═════ Extracted information ═════

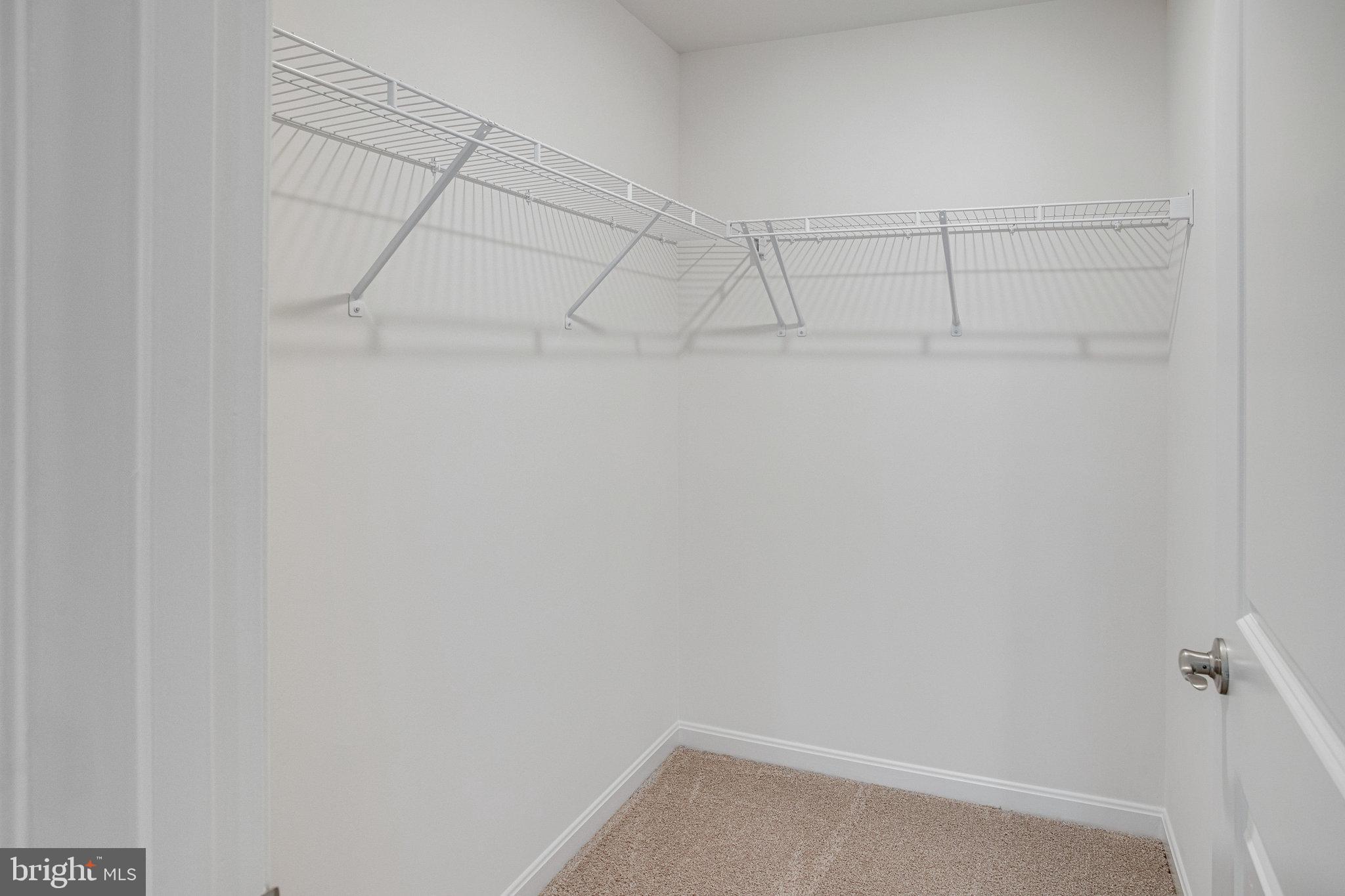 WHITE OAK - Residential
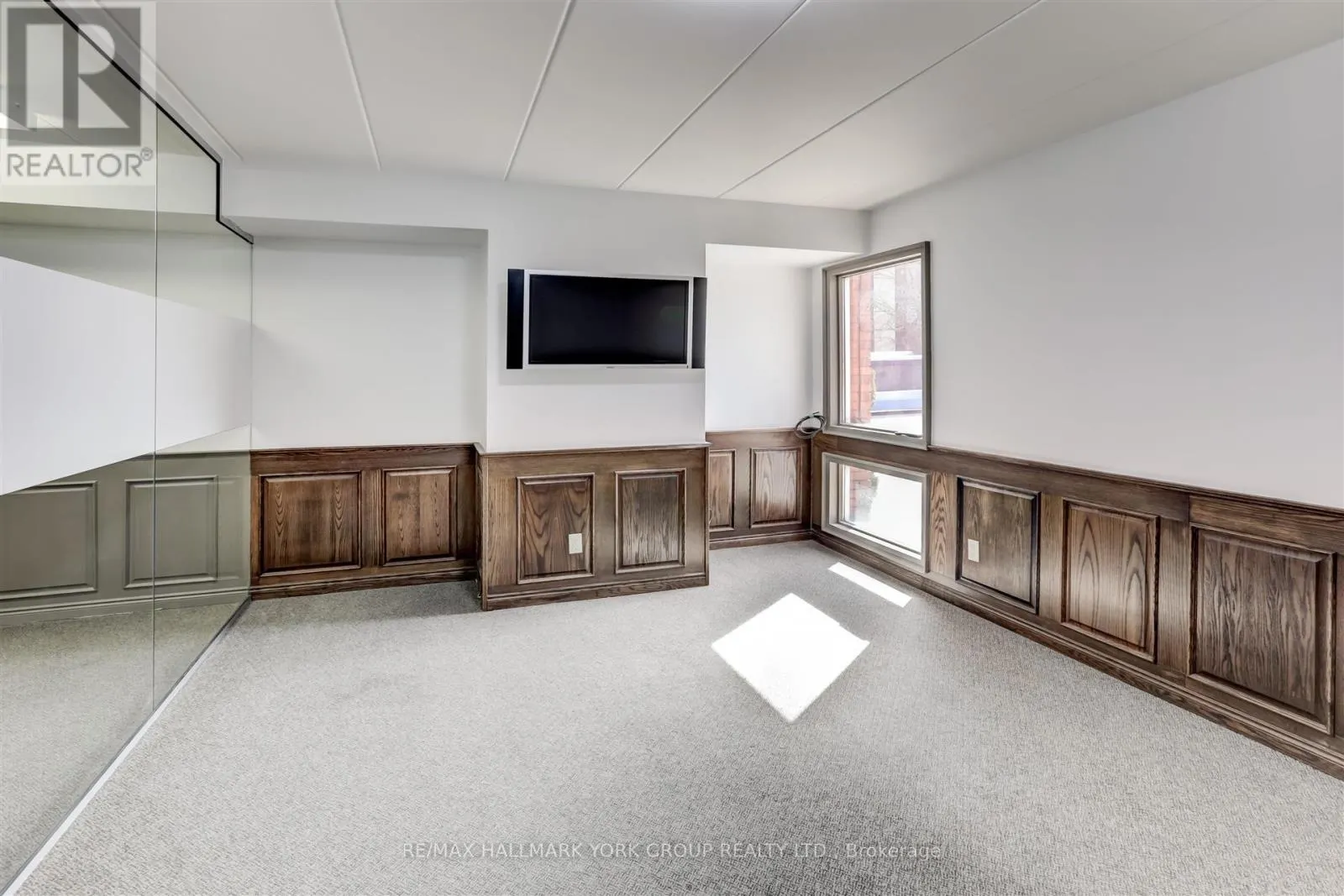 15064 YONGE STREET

═════
═════ Extracted information ═════

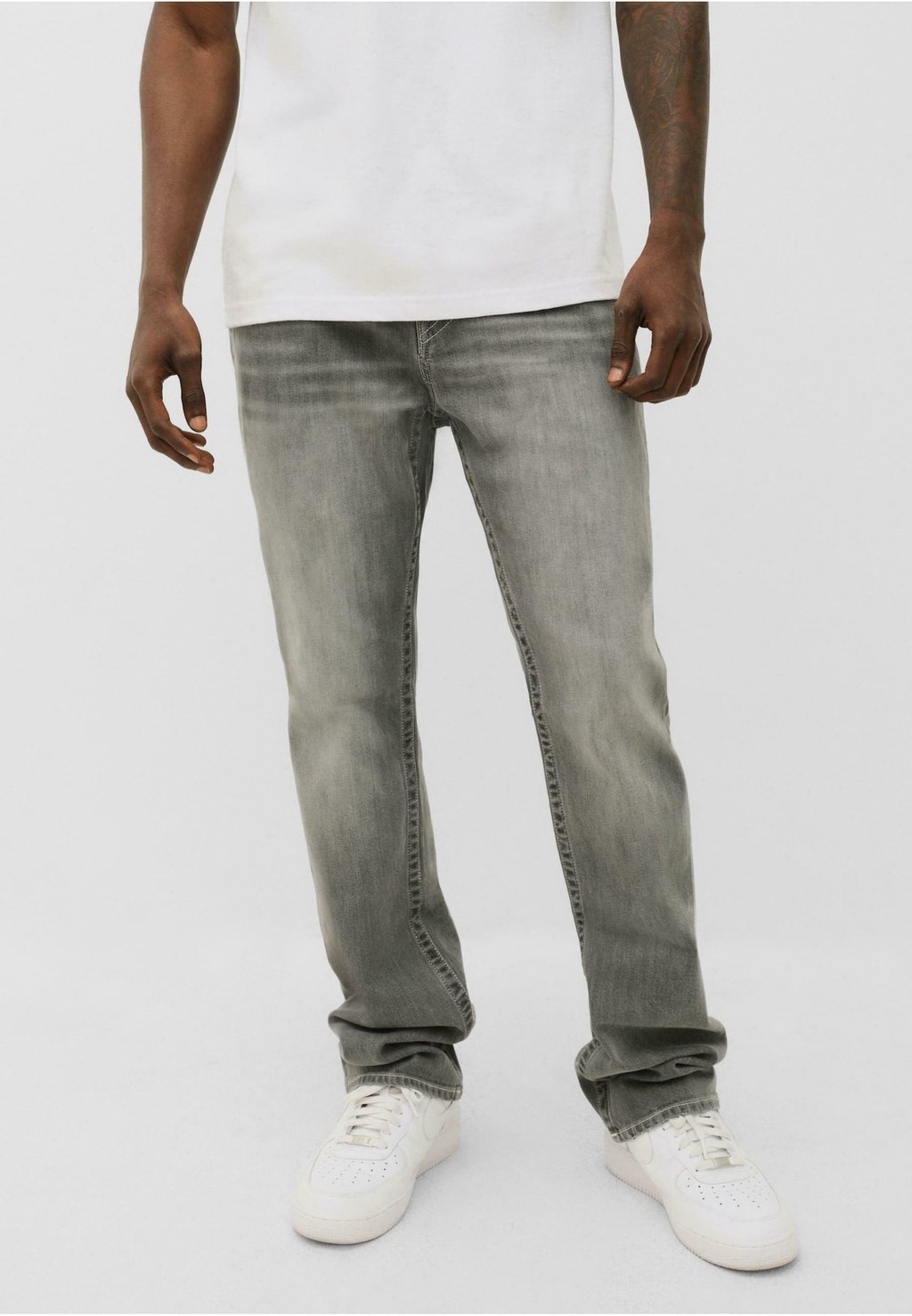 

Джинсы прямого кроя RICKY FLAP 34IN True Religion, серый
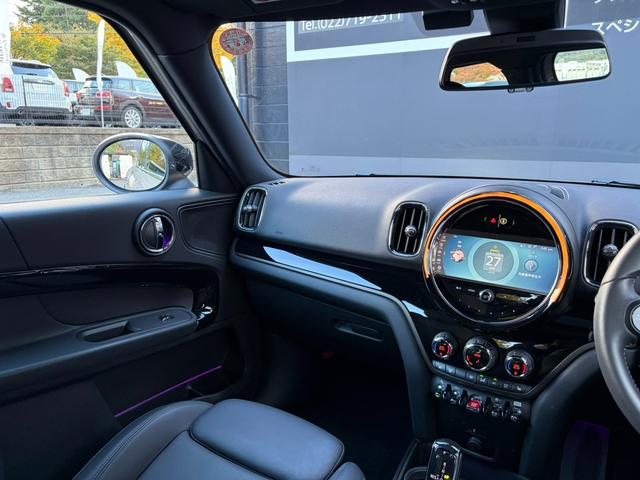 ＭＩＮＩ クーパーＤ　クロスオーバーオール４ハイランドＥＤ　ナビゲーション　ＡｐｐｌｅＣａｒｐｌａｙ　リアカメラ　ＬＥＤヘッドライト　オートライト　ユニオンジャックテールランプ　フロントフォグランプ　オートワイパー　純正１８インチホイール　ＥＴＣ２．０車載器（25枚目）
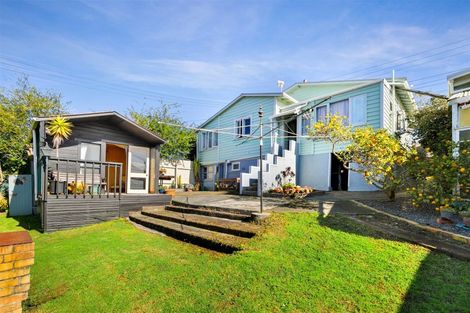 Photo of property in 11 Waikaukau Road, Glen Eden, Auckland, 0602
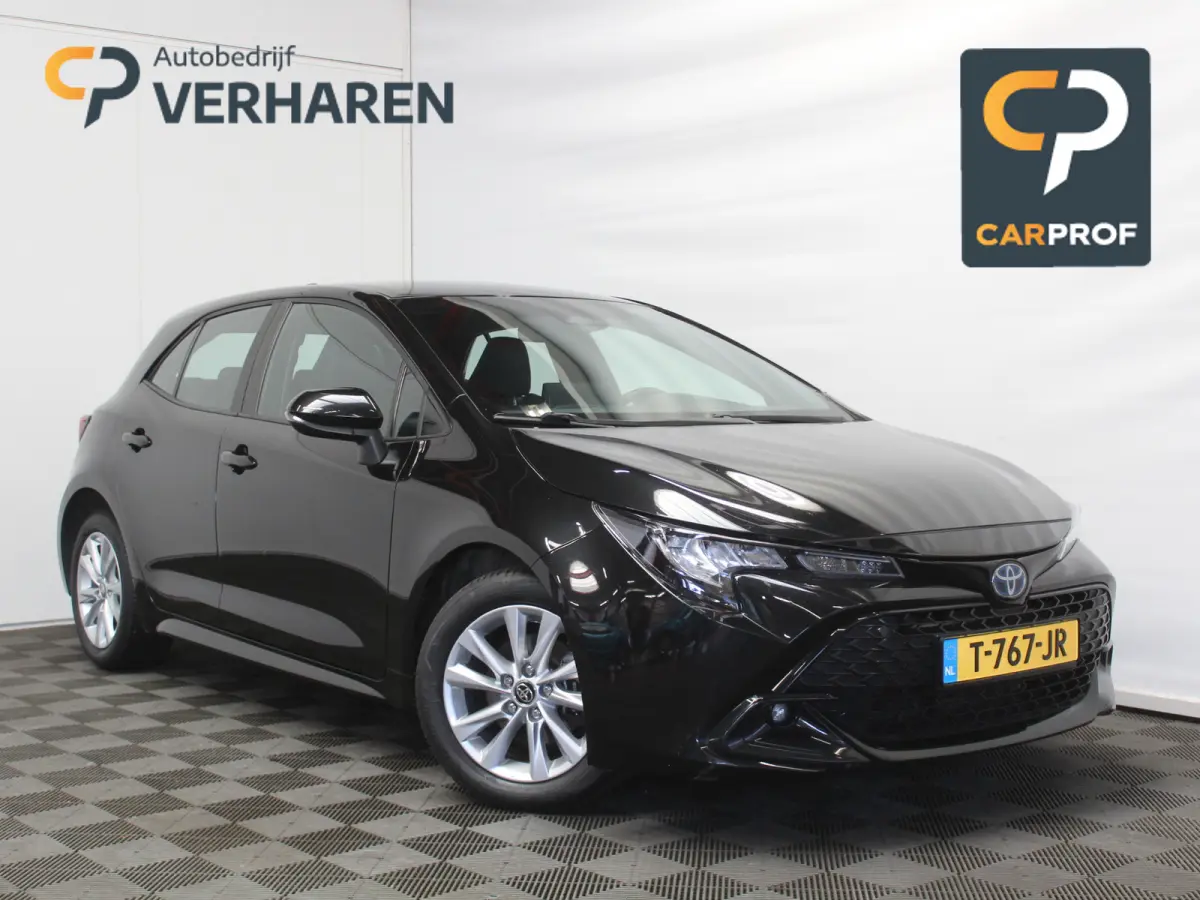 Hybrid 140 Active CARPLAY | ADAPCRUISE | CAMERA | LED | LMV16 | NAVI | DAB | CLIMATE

═════
═════ Extracted information ═════

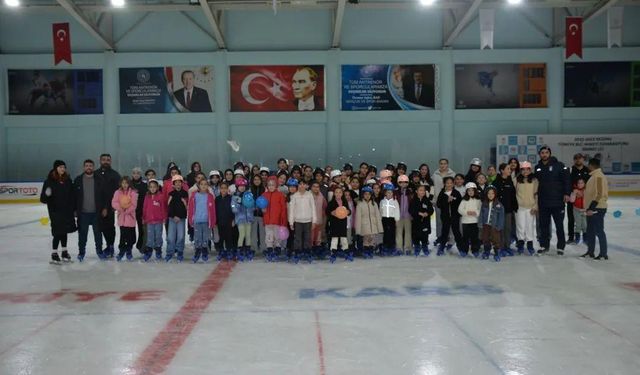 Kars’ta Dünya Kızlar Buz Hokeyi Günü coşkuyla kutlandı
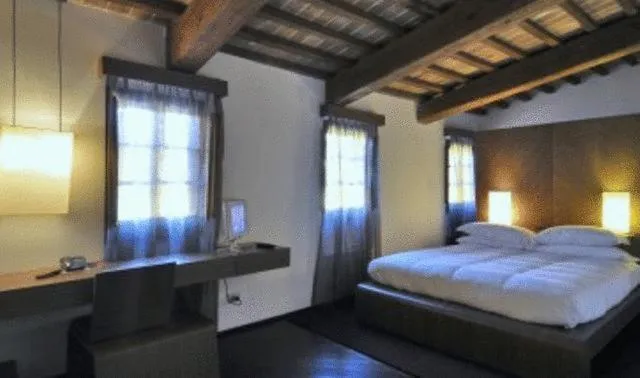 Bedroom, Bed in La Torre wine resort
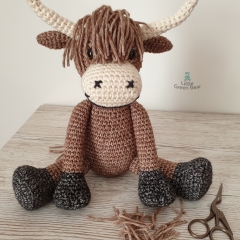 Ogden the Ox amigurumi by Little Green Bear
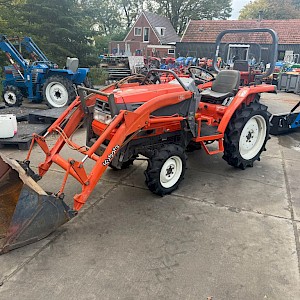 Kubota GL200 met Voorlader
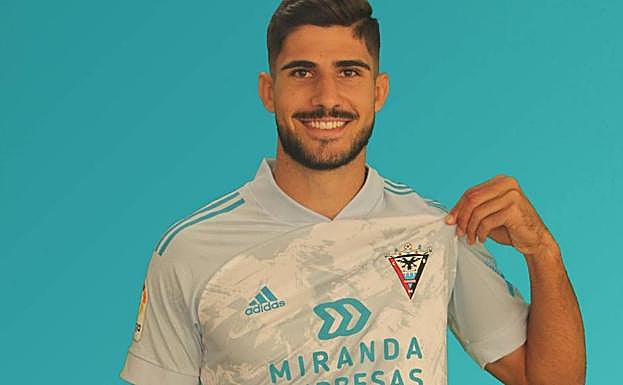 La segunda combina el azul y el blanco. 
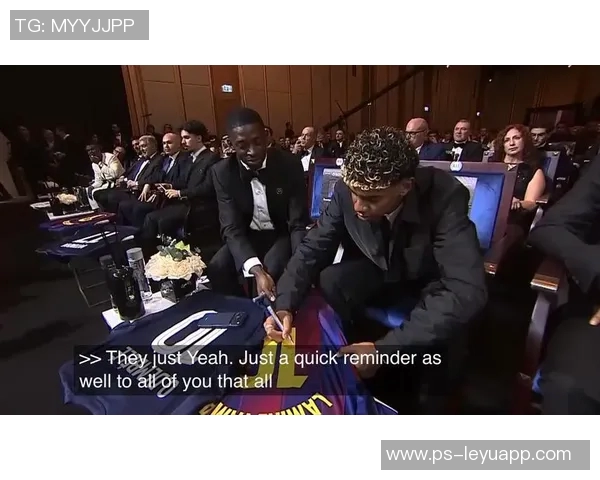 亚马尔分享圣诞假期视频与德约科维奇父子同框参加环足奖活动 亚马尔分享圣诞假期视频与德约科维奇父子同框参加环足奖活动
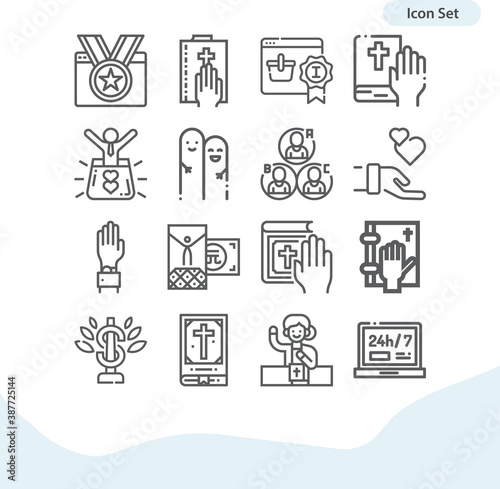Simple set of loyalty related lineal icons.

═════

* [Instructions to follow]
Start at the line containing "La segunda combina el azul y el blanco." above and stop at the line containing "Simple set of loyalty related lineal icons.". Output those lines exactly, both included, but none of the pictures.

* [Output of the task]
 La segunda combina el azul y el blanco. 
 亚马尔分享圣诞假期视频与德约科维奇父子同框参加环足奖活动 亚马尔分享圣诞假期视频与德约科维奇父子同框参加环足奖活动
Simple set of loyalty related lineal icons.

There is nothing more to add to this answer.